Sheffield students rally in support of Ukraine amid shocking, unprovoked invasion

A Ukrainian student has spearheaded a group of protesters in a Sheffield rally against Russia’s attack on his homeland. 

Vitalii Yalahuzian, 20, from Kiev, gathered with fellow protesters at Sheffield Town Hall this week to stand in solidarity with the people of Ukraine. 

He as described the attack as a “real tragedy for Ukrainians and for Russians”.

The University of Sheffield journalism studies student said: “The situation right now is really horrible, my family is still in Ukraine – in Kyiv.

“I really hope something can stop Putin.”

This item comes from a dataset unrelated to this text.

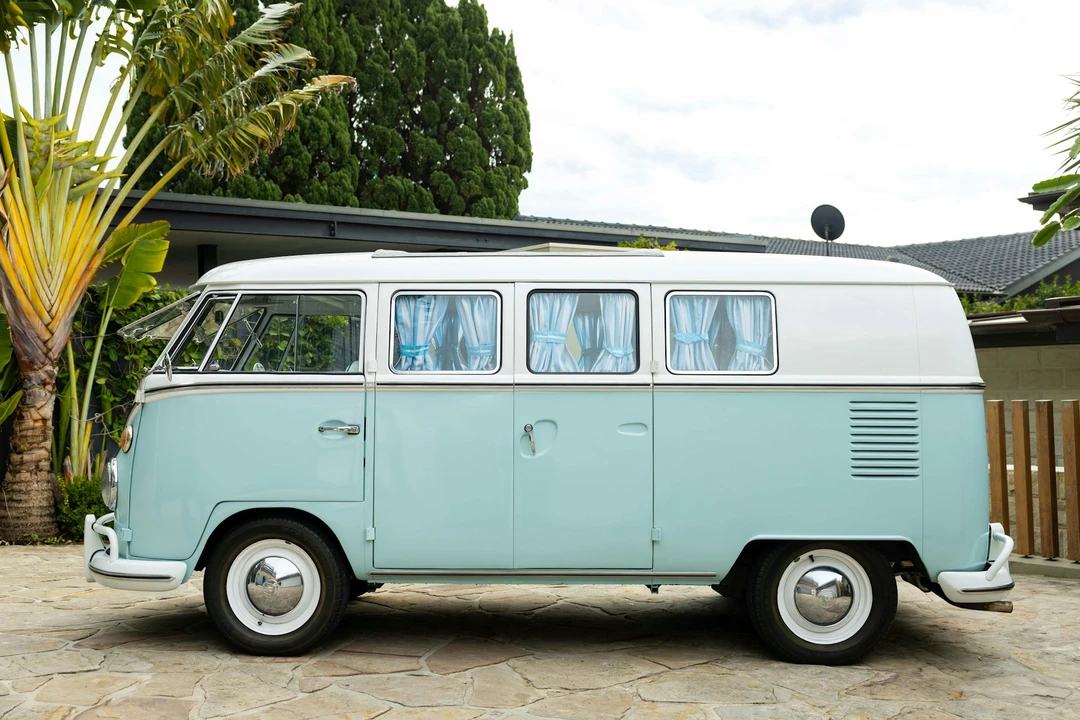 1964 Volkswagen Split-Window Bus - Image 4 of 21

The conflict has been ongoing since early 2014 but has recently escalated due to President Putin claiming that Russia had “been left with no other option to protect Russia”.

There have already been reports of civilians as well as military deaths within the country. Numbers of casualties are also rising.

Key political figures worldwide have promised to impose sanctions on Russia as a result of Putin’s actions.

Prime Minister Boris Johnson said: “We will agree a massive package of economic sanctions designed in time to hobble the Russian economy.”

The first of these measures include freezes to Russian banks in the UK as well as a ban on Russian owned airline Aeroflot planes landing at UK airports. 

President Joe Biden said: “We will limit Russia’s ability to do business in dollars, euros, pounds and yen to be part of the global economy.”

As a result, the Russian Ruble is trading at its lowest point ever against the US Dollar, with further sanctions set to be imposed in the future.  

Prime Minister Boris Johnson made his stance on the topic clear, stating that the UK will “diplomatically, politically, economically, and eventually militarily, this hideous and barbaric venture of Vladimir Putin must end in failure”.

He added: “This crisis is about the right of a free, sovereign independent European people to choose their own future, and that is a right that the UK will always defend.”

According to a study recently conducted by The Moscow Times, 66% of Russians aged between 18 and 24 have a positive or very positive view of Ukraine.